What tests are needed for thyroid nodules?

  High-resolution ultrasonography is the method of choice for the evaluation of thyroid nodules. Ultrasound of the neck should be performed in cases of suspected thyroid nodules on palpation or if they are suggested by X-ray, computed tomography (CT), magnetic resonance imaging (MRI) or positron emission tomography (PET). Ultrasound of the neck can confirm the presence of “thyroid nodules”, determine their size, number, location, texture (solid or cystic), shape, border, envelope, calcification, blood supply and relationship to surrounding tissues, and assess the presence and size, morphology and structural characteristics of lymph nodes in the neck area.  Certain ultrasound signs can help in the differentiation of benign and malignant thyroid nodules.
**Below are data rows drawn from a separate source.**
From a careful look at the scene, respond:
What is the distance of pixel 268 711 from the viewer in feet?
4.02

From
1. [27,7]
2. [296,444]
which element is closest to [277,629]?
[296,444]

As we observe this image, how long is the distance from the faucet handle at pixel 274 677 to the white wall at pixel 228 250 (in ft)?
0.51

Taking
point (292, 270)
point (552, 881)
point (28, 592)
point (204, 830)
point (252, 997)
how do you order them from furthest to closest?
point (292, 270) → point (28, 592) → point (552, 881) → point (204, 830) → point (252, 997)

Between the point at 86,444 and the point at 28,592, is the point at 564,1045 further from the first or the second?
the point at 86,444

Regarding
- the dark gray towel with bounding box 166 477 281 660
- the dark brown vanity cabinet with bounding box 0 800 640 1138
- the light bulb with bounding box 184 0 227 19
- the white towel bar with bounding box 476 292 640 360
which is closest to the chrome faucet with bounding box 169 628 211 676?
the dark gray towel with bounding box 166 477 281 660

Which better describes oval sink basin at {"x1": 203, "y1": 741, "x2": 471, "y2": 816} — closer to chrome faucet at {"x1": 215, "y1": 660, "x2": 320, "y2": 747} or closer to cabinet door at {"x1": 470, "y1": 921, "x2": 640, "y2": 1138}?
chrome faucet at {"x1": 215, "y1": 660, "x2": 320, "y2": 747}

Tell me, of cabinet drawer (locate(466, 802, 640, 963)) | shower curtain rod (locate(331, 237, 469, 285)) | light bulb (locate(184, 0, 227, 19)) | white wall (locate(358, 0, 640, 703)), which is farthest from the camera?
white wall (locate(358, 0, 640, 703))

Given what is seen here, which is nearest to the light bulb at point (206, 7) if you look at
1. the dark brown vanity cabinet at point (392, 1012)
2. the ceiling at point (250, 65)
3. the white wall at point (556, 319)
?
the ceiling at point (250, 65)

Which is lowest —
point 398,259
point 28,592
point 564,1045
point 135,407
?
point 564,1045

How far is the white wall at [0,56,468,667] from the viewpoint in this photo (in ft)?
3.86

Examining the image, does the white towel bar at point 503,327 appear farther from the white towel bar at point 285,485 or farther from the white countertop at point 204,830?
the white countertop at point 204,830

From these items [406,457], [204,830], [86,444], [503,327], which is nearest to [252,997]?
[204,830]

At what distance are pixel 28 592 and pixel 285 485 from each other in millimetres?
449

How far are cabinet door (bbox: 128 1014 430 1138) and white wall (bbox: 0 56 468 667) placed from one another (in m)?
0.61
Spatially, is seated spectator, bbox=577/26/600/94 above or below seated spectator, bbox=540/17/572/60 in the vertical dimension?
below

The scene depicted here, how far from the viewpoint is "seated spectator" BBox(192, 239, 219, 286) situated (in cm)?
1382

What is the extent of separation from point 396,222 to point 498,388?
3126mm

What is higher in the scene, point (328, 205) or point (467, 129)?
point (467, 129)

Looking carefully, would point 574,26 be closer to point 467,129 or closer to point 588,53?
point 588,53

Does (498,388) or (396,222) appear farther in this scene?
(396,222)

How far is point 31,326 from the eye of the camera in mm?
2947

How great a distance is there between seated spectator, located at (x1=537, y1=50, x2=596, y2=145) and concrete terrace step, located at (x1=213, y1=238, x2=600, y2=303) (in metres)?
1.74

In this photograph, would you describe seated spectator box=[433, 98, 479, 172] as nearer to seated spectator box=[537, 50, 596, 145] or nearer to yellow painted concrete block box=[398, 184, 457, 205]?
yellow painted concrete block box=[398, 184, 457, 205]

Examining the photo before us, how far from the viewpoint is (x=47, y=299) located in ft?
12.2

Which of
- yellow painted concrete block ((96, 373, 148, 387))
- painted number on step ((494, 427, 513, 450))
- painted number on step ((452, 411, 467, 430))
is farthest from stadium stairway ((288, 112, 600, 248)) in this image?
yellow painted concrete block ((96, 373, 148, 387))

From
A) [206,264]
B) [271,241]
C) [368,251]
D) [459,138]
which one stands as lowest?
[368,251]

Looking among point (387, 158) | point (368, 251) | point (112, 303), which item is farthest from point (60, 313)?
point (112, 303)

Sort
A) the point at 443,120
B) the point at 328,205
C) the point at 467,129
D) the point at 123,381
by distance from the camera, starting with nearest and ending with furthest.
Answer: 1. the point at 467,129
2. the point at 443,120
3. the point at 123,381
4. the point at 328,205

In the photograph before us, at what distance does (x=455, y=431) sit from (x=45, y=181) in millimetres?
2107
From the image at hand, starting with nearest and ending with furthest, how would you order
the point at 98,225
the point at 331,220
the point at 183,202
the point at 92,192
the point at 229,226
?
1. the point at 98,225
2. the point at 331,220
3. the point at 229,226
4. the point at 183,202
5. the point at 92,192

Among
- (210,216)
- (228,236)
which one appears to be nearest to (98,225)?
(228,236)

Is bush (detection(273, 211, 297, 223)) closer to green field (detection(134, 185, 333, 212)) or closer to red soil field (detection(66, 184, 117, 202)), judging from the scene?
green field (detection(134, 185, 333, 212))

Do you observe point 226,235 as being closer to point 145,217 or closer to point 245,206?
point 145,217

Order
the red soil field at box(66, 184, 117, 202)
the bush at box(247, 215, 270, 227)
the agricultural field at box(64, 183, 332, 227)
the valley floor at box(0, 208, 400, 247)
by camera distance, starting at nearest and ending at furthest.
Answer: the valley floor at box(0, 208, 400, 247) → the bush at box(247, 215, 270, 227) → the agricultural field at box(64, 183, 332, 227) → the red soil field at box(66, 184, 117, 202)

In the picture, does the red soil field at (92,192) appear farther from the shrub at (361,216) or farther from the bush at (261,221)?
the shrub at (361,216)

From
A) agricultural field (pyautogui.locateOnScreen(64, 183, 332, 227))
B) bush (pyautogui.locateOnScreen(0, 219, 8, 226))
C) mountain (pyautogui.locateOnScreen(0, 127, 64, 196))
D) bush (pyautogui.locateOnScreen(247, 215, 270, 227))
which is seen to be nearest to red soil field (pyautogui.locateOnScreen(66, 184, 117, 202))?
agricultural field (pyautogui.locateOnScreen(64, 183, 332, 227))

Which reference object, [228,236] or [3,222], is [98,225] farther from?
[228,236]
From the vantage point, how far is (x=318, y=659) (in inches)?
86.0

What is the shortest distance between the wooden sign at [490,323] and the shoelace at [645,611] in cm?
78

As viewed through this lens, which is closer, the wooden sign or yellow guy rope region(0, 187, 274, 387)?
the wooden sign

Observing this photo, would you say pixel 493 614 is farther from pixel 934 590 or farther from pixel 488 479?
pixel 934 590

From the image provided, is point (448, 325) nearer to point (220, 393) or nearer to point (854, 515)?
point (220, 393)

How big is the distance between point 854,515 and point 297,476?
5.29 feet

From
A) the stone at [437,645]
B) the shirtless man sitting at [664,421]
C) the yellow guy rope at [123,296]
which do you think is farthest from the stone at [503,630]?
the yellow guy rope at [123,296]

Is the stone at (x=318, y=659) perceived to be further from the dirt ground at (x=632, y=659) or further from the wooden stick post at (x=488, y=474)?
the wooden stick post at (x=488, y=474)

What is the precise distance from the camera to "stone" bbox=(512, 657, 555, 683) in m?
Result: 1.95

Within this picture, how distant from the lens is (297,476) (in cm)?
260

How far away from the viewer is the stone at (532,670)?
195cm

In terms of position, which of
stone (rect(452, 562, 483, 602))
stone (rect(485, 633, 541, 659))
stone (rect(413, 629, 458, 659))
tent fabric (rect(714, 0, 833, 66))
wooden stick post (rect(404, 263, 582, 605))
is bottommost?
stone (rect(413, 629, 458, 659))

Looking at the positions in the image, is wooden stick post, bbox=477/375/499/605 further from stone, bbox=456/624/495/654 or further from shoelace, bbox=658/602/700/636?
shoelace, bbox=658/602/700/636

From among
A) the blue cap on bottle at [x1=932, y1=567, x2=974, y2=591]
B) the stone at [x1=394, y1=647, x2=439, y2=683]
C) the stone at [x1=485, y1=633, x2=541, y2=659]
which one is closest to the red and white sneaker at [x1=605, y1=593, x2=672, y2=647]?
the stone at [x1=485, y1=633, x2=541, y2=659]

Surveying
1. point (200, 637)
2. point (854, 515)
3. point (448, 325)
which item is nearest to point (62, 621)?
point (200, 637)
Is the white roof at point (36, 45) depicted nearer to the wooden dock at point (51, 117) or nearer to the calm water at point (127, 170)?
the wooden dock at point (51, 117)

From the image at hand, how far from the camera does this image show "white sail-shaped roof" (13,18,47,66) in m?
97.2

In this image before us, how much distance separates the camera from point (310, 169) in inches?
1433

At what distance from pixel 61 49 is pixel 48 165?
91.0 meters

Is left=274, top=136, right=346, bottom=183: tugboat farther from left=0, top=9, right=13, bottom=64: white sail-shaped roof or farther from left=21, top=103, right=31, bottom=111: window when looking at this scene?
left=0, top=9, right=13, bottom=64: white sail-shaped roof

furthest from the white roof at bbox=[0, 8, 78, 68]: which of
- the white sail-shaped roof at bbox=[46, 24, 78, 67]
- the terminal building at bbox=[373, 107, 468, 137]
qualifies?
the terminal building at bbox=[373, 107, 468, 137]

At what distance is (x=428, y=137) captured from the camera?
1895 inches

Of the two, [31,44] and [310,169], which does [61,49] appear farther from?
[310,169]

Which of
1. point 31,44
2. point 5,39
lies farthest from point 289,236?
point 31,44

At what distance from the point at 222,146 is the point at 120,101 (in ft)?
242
Almost all thyroid nodules with the following two types of ultrasound changes are benign: 1) purely cystic nodules; 2) nodules with multiple small vesicles occupying more than 50% of the nodule volume: 99.7% of nodules with spongy changes are benign.  The following ultrasound signs suggest the possibility of thyroid cancer: 1) solid hypoechoic nodules; 2) rich blood supply in the nodules (in case of normal TSH); 3) irregular nodule shape and margin, halo absence; 4) microcalcifications, pinpoint diffuse distribution or clusters of calcifications; 5) nodules with aspect ratio >1; 6) abnormal ultrasound images of lymph nodes in the neck: e.g. round lymph nodes, irregular or blurred borders, uneven internal echogenicity. 6. Ultrasound image abnormalities of the lymph nodes in the neck, such as rounded lymph nodes, irregular or blurred borders, uneven internal echogenicity, internal calcification, indistinct corticomedullary demarcation, disappearance of lymph gates or cystic changes. If three or more of the above ultrasound signs are met, surgery is recommended.  Ultrasound-guided fine-needle aspiration biopsy (FNAB) is the most sensitive and specific method to preoperatively assess the benignity of thyroid nodules and determine whether surgery is needed. Ultrasound-guided fine-needle aspiration biopsy + perforated cytology is recommended for all thyroid nodules >1 cm in diameter. For thyroid nodules that cannot be determined as benign or malignant by ultrasound-guided fine-needle aspiration biopsy, thyroid cancer molecular marker testing can be performed on the puncture specimen, such as the liquid thyroid cancer detection chip from AsuraGen, USA.